Summary: Despite feeling alone, the child of God is never deserted. David enables us to explore the comfort of God’s presence with His people, even in the day of battle.

“Hear, O Lord, when I cry aloud;

be gracious to me and answer me!

You have said, ‘Seek my face.’

My heart says to you,

‘Your face, Lord, do I seek.’

Hide not your face from me.

Turn not your servant away in anger,

O you who have been my help.

Cast me not off; forsake me not,

O God of my salvation!

For my father and my mother have forsaken me,

but the Lord will take me in.

“Teach me your way, O Lord,

and lead me on a level path

because of my enemies.

Give me not up to the will of my adversaries;

for false witnesses have risen against me,

and they breathe out violence.

“I believe that I shall look upon the goodness of the Lord

in the land of the living!

Wait for the Lord;

be strong, and let your heart take courage;

wait for the Lord!”[1]

Hank Williams, Sr., keened:

I’ve never seen a night so long

When time goes crawling by.

The moon just went behind a cloud

To hide its face and cry.

Did you ever see a robin weep,

When leaves began to die?

That means he’s lost the will to live;

I’m so lonesome I could cry[2]

What does it mean to be lonesome? What are the causes of loneliness? How should a Christian answer the challenge of loneliness? Loneliness is one of those emotions that cannot be strictly correlated with the presence or absence of people. It is not uncommon for people to seek solitude in the midst of hurried lives; alone with their thoughts, those who deliberately seek such blessed quietness cannot be said to be lonely. On the other hand, we can be in a crowd and yet be lonely; we can be surrounded by noisy throngs and yet be desolate. To be forlorn and friendless is to be lonely. Undoubtedly, the greatest sense of aloneness comes when we believe we are rejected by kith and kin. Loneliness, then, is not related to the number of people in our vicinity; rather, loneliness is a condition resulting from a lack of connectedness.

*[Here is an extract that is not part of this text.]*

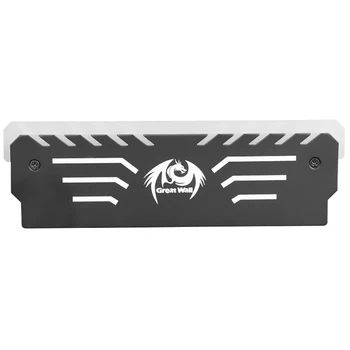 

HOT-Great Wall 3PIN Memory Cooling Vest 256 RGB Automatic Light Radiator CPU Cooler Heatsink for Computer RAM DDR3 DDR4 2Pcs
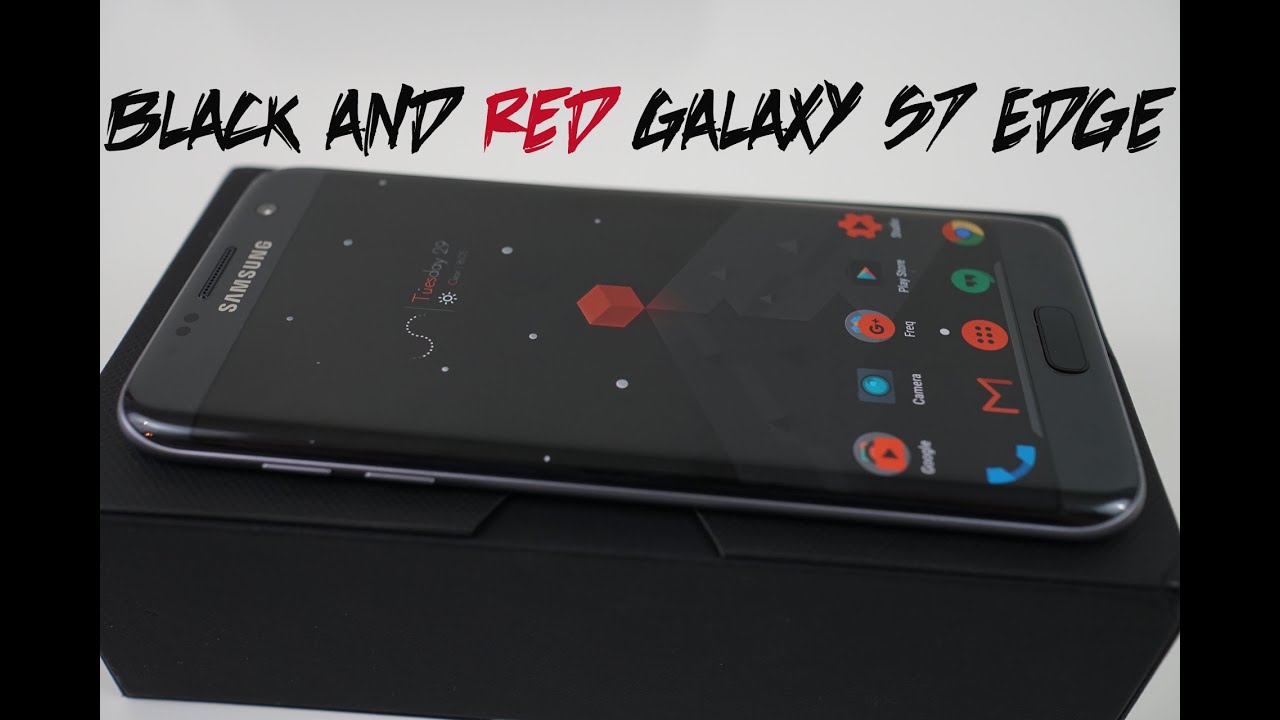 Top Android Custom Themes: Black And Red For Galaxy S7 Edge! - Youtube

Prisoners, isolated from family, perhaps even deserted because of embarrassment, feel alone. In fact, our current correctional system uses isolation as punishment because we know that being alone can induce real pain. The elderly are often ignored by family, and because of removal to nursing homes and the passage of time their circle of friends is diminished. Those suffering from extended illness commonly feel lonely because of their isolation. Time weighs heavy on the heart of those who are isolated as result of the vicissitudes of life.

While there is no “cure” for loneliness, there are responses that will soothe the lonely heart. There are responses outlined in the Word of God that will make those who look to God less susceptible to the prolonged weariness and debilitation that attends the periods of loneliness that come to each of us. A review of the Psalm that is now before us will prove beneficial in providing encouragement for the one who looks to God as a refuge and a help.

*God’s Gracious Invitation* — This Psalm divides naturally into two parts. In the first six verses, David exults in God’s goodness and deliverance. Listen to those early verses.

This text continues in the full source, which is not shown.